1 files changed, 71 insertions, 25 deletions

diff --git a/charf.c b/charf.c
index 1948971..6908832 100644
--- a/charf.c
+++ b/charf.c
@@ -12,12 +12,16 @@
 #define DOUBLEERRORMODE 1
 #define RATIOMODE 2
 
+/*Determines if computations are done with floating point type, floating point with error bounds or fractions.

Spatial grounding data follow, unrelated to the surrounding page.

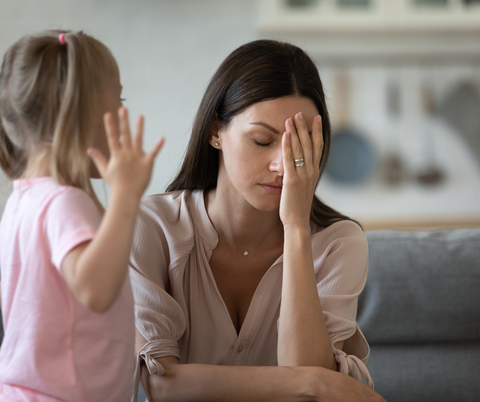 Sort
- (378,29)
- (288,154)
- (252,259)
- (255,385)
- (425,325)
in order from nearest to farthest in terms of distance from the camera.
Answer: (255,385) → (288,154) → (252,259) → (425,325) → (378,29)

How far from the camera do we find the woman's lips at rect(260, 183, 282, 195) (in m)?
1.26

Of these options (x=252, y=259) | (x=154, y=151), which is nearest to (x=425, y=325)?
(x=252, y=259)

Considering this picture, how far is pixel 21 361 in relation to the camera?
81cm

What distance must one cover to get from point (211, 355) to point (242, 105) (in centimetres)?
66

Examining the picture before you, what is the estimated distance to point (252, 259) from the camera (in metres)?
1.45

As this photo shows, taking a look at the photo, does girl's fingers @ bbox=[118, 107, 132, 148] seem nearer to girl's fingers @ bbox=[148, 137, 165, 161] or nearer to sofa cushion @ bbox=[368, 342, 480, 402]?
girl's fingers @ bbox=[148, 137, 165, 161]

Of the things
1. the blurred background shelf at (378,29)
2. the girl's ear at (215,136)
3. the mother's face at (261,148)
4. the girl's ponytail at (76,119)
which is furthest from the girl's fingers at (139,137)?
the blurred background shelf at (378,29)

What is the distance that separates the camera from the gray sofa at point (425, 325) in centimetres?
164

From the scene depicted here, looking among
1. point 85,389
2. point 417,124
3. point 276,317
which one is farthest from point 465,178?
point 85,389

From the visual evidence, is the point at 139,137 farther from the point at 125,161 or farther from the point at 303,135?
the point at 303,135

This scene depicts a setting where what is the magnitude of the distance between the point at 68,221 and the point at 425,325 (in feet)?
4.29

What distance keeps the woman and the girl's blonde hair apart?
1.48ft

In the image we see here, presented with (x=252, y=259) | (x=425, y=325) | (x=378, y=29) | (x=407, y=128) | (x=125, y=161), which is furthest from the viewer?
(x=407, y=128)

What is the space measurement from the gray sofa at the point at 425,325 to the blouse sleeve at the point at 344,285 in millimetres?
370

+Floating point without error bounds are the default.*/
 #ifndef MODE
 #define MODE DOUBLEMODE
 #endif
 
+/*number of threads for parallel execution.*/
 #define NUM_THREADS 7
 
+/*Make sure the appropriate files are included for the type of computation and sets the data types accordingly.*/
 #if MODE == DOUBLEERRORMODE
 #include "double-error.h"
 #define VALUETYPE double_error
@@ -36,7 +40,7 @@
 
 typedef unsigned long index_t;
 
-/*maximum length of the support of f*/
+/*maximum length of the circle*/
 #define N 36
 
 /*maximal order of derivative*/
@@ -45,7 +49,7 @@ typedef unsigned long index_t;
 /*maximal number of exponents*/
 #define P 5
 
-/*given function df[0] on domain [0,M-1], compute derivatives f' until f^{(K)} and store f^{(K)} in df*/
+/*Given function f on domain [0,D-1], compute derivative of order k and store result in df.*/
 void differentiate(VALUETYPE* f, VALUETYPE* df, int D, int k){
 	VALUETYPE df0[D];
 	/*Set zeroth derivative to be f.*/
@@ -66,7 +70,8 @@ void differentiate(VALUETYPE* f, VALUETYPE* df, int D, int k){
 	*/
 }
 
-/*given function f on domain [0,D-1] compute pth root of integral of |f|^p*/
+/*Given function f on domain [0,D-1] compute pth root of integral of |f|^p.*/
+/*For p=∞ instead compute the maximum, i.e. ||f||_∞.*/
 VALUETYPE integratep(VALUETYPE* f, EXPTYPE p, int D){
 	VALUETYPE integralp = int_to_valuetype(0);
 	for(int i=0; i<D; i++){
@@ -77,48 +82,64 @@ VALUETYPE integratep(VALUETYPE* f, EXPTYPE p, int D){
 }
 
 void compute_maximalfunction(VALUETYPE* f, VALUETYPE* Mf, int D){
-	/*Sf[i][j] will be the integral of f on [min(i,j),max(i,j)]*/
-	//VALUETYPE Sf[N][N];
-	/*Af[i][j] will be the average of f on [min(i,j),max(i,j)]*/
-	//VALUETYPE Af[N][N];
-	/*Apparently may become too big for stack or something so have to use malloc instead.*/
+	/*Sf[i][j] will be the integral of f on [i,i+j).*/
 	VALUETYPE* Sf[N];
+	/*Af[i][j] will be the average of f on [i,i+j).*/
 	VALUETYPE* Af[N];
+	/*Would use C arrays, but apparently they may become too big for stack or something on my machine so have to use malloc instead.*/
+	//VALUETYPE Sf[N][2*N+1];
+	//VALUETYPE Af[N][2*N+1];
+
 	for(int i=0; i<D; i++){
 		Sf[i] = malloc((2*D+1)*sizeof(VALUETYPE));
 		Af[i] = malloc((2*D+1)*sizeof(VALUETYPE));
 	}
 
+	/*Recursively compute all integrals and averages over intervals of increasing length*/
+	/*We have to consider intervals of length up to twice the length of the circle, i.e. 2*D-1.*/
 	for(int i=0; i<D; i++) {
 		Sf[i][1] = f[i];
 		Af[i][1] = f[i];
 	}
-
 	for(int l=2; l < 2*D; l++){
-		/*Recursively compute all integrals and averages over intervals of increasing length*/
 		for(int i=0; i<D; i++){
 			Sf[i][l] = sum(Sf[i][l-1], f[(i+l-1)%D]);
 			Af[i][l] = ratio(Sf[i][l],int_to_valuetype(l));
 		}
 	}
-
+	/*Because it simplifies code later on we also assign the average on twice the circle, starting in 0.*/
 	Af[0][2*D] = Af[0][D];
 
+	/*Finding the maximal average actually looks like the most costly computation, in the whole algorithm, being of order D^3.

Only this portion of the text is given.